I just got a 2010 1500 Crew Cab. I can tell you it is the bomb and I love it. This if my first truck ever and couldn't be happier with what I got. The Crew cab is plenty big and has more space in the back than my Denali does. I have yanked the camper around town a little and it has plenty of power for it. I have the 5.7 hemi and the gas mileage hasn't been bad at all as long as you don't lead foot it.


----------



## Hawk570 (Apr 5, 2010)

usmc03 said:


> I recently received an e-mail from Trailer Life magazine. One of the articles was about the new 2010 Dodge half ton trucks. These are the power numbers that caught my attention. Max Tow 10,450 lb, 390 HP, 5.7L HEMI, 3.92 rear axle, crew cab 5 ft 7 in box with tie down system, GCWR 15,500 lb with 5.7/3.92/140.5 wheelbase (is that the long bed or the cc/5ft 7 in bed?).
> 
> These are pretty impressive numbers. I drive by our local Dodge dealer every day, twice a day, and I really like the looks of these new trucks. I think the crew cab is great compared to the quad cab (I rode in the back of a quad recently and it is small). I know the Mega Cabs are even bigger but the crews look just fine.
> 
> ...


I just got a 2010 1500 Crew Cab. I can tell you it is the bomb and I love it. This if my first truck ever and couldn't be happier with what I got. The Crew cab is plenty big and has more space in the back than my Denali does. I have yanked the camper around town a little and it has plenty of power for it. I have the 5.7 hemi and the gas mileage hasn't been bad at all as long as you don't lead foot it.
[/quote]

I purchased my 2009 Ram 1500 Crew Cab last May and I have to say, it's been great.

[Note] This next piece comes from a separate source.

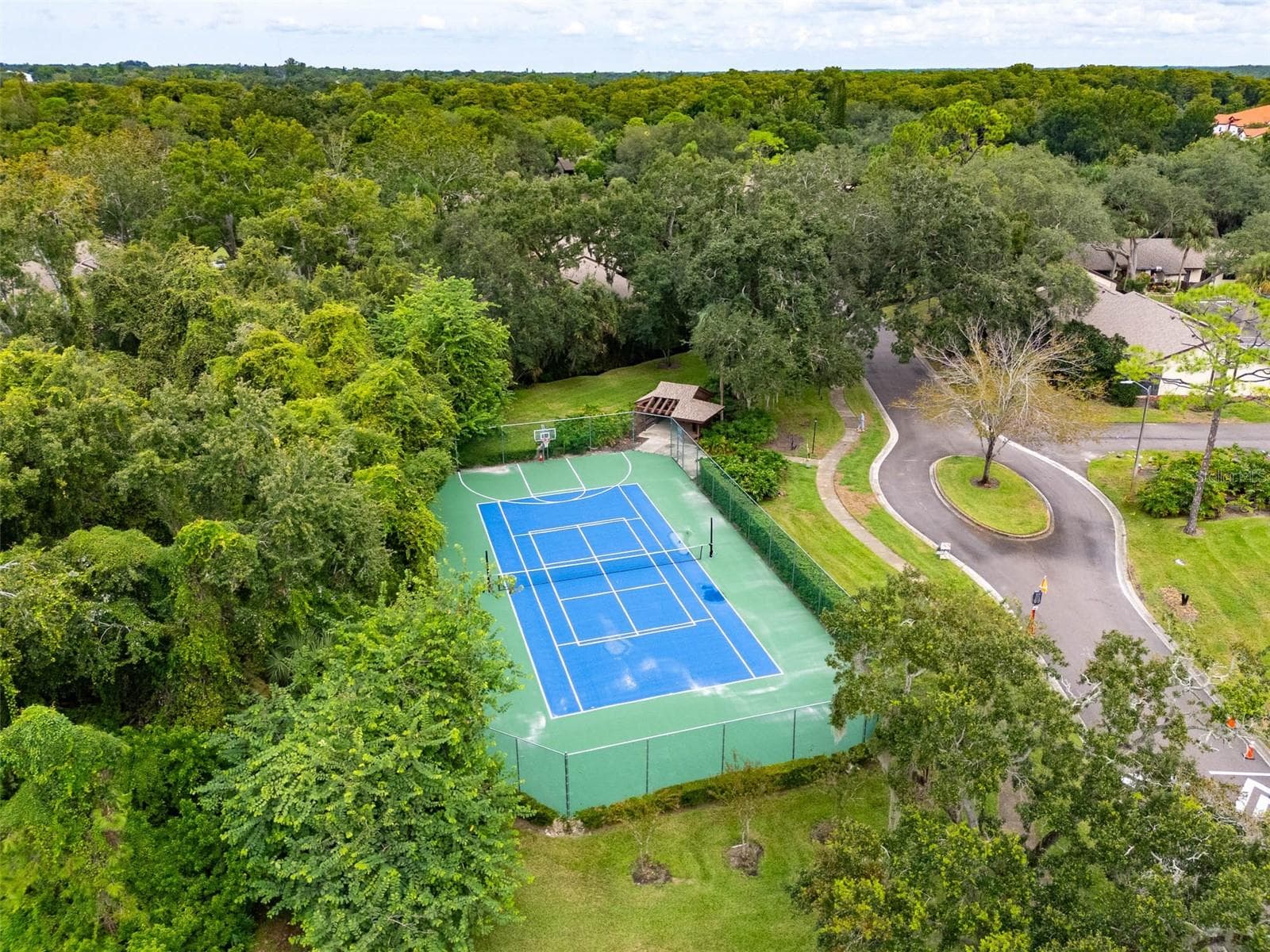 Villa at 2925 BOXWOOD CT, PALM HARBOR, photo 30 of 40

Lots of room in the back and front and due to it's rear coil springs, it rides like a car. Now, problem is, I had to add air bags inside the rear coils because as soon as I would hitch up my pop up camper (high wall Fleetwood Arcadia) , the rear of the truck would squat a considerable amount. Now, I just inflate them up to 35 PSI when I'm towing my 2008 Malibu 2510 (25ft) and it stays leveled, and that's without a EQ. hitch. 
Overall, after a year of ownership, I am very satisfied and would buy another if I had to.


----------



## usmc03 (Jun 6, 2006)

I got the TRX-4 package and have not had a squat problem. I have only pulled it around town with just a regular hitch with no issues. I am going to get my WDH set up for the new truck though.


----------



## Hawk570 (Apr 5, 2010)

usmc03 said:


> I got the TRX-4 package and have not had a squat problem. I have only pulled it around town with just a regular hitch with no issues. I am going to get my WDH set up for the new truck though.


Mine is the Laramie and it did squat plenty with a semi- fully loaded pop up. Perhaps the TRX has stronger coil springs? 
Once I installed the Air-Lift air bags, no more squat. Should I still get a WDH?


----------



## Nathan (Jan 2, 2007)

Hawk570 said:


> I got the TRX-4 package and have not had a squat problem. I have only pulled it around town with just a regular hitch with no issues. I am going to get my WDH set up for the new truck though.


Mine is the Laramie and it did squat plenty with a semi- fully loaded pop up. Perhaps the TRX has stronger coil springs? 
Once I installed the Air-Lift air bags, no more squat. Should I still get a WDH?
[/quote]
Most recievers require WDH for any sizeable load. Typically on a Class iV reciever the limit is 500 lbs. Above that and you need a WDH. It's not the vehicle, but rather that the reciever will be attached with ~6 bolts and if you don't have a WDH, the entire loading is on the 2 rear bolts. The WDH distributes the weight more evenly across the bolts and therefore your reciever can take more weight.

So, yes, get a WDH and yes, set it up correctly.


----------



## Collinsfam_WY (Nov 9, 2006)

What Nathan said. A 1/2 ton *should* squat when hooked up to a heavy trailer. The WDH will correct that and by doing so, it will use that force to also activate its' anti-sway capabilities.

-CC


----------